Dolphin Program: Marine Spatial Planning
About Marine Spatial Planning in Suriname
In 2017 the Green Heritage Fund Suriname, WWF Guianas, the Nature Conservation Division of the Suriname Forest Service and the Protected Areas Commission of Guyana started implementation of a EU-financed project, Promoting Integrated Ocean and Participatory Governance in Guyana and Suriname: The Eastern Gate to the Caribbean. The goal of this action is to bring about fair and sustainable use of marine resources and the empowerment of marine resource users in Suriname and Guyana through participatory marine spatial planning.
Enhance and strengthen protection of Suriname’s marine resources through participatory spatial planning, targeted capacity building, and compelling data to produce win-win outcomes that conserve biodiversity and enhance food security, and support socio-economic development compatible with ocean health.
- Safeguard biodiversity
- Enhance knowledge of the marine environment
- Fully engage with and empower marine resource users
- Enhance food security
- Protect livelihoods and support socio-economic development
- Enhanced marine spatial planning
Suriname is part of a unique marine ecosystem, referred to as the North Brazil Shelf Large Marine Ecosystem, which extends from Brazil’s Parnaíba River to Venezuela’s Orinoco River. Runoff from large rivers, such as the Orinoco and the Amazon, make this large marine ecosystem a nutrient-rich and highly productive ecosystem. Unfortunately, in Suriname, the high productivity of its unique marine ecosystem has been exploited by unregulated fishing, and is increasingly being threatened by offshore and nearshore natural gas prospecting, coastal degradation from sand mining, and pollution from inland sources.
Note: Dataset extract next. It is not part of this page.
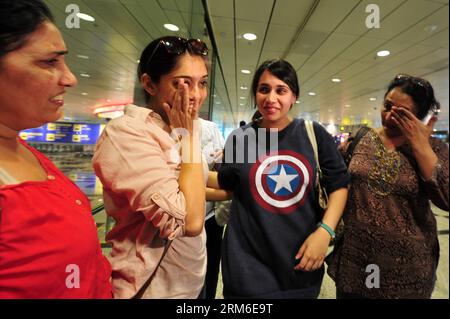 (140107) -- SINGAPOUR, 7 janv. 2014 (Xinhua) -- Rajween Kaur (2nd R), passager à bord de l'Airbus A380, qui a atterri d'urgence à Bakou, la capitale de l'Azerbaïdjan, rencontre son parent à l'aéroport international Changi de Singapour, le 7 janvier 2013. L'avion de remplacement de Singapore Airlines a pris mardi des passagers et du personnel de cabine bloqués à Bakou en Azerbaïdjan et est retourné à Singapour après un vol opéré par la compagnie a atterri d'urgence dans la capitale azerbaïdjanaise lundi.(Xinhua/puis Chih Wey) (srb) SINGAPORE-PASSAGERS BLOQUÉS-RETOUR PUBLICATIONxNOTxINxCHN si Banque D'Images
Consequently, the unique, and sparsely explored, biodiversity of Suriname’s marine environment, and the livelihoods and food security of Surinamese marine resource users are under imminent threat.
What is marine spatial planning?
Marine spatial planning is a planning process with an ecosystem, economic and social approach to the management of human activities in the marine environment. This process promotes the conservation of marine biodiversity and the fair and sustainable use of marine resources. Fulfillment of these objectives “depend on”/require improving decision-making/governance, informed and active participation from stakeholders, and multi-disciplinary information on the marine environment and the human activities that take place in it.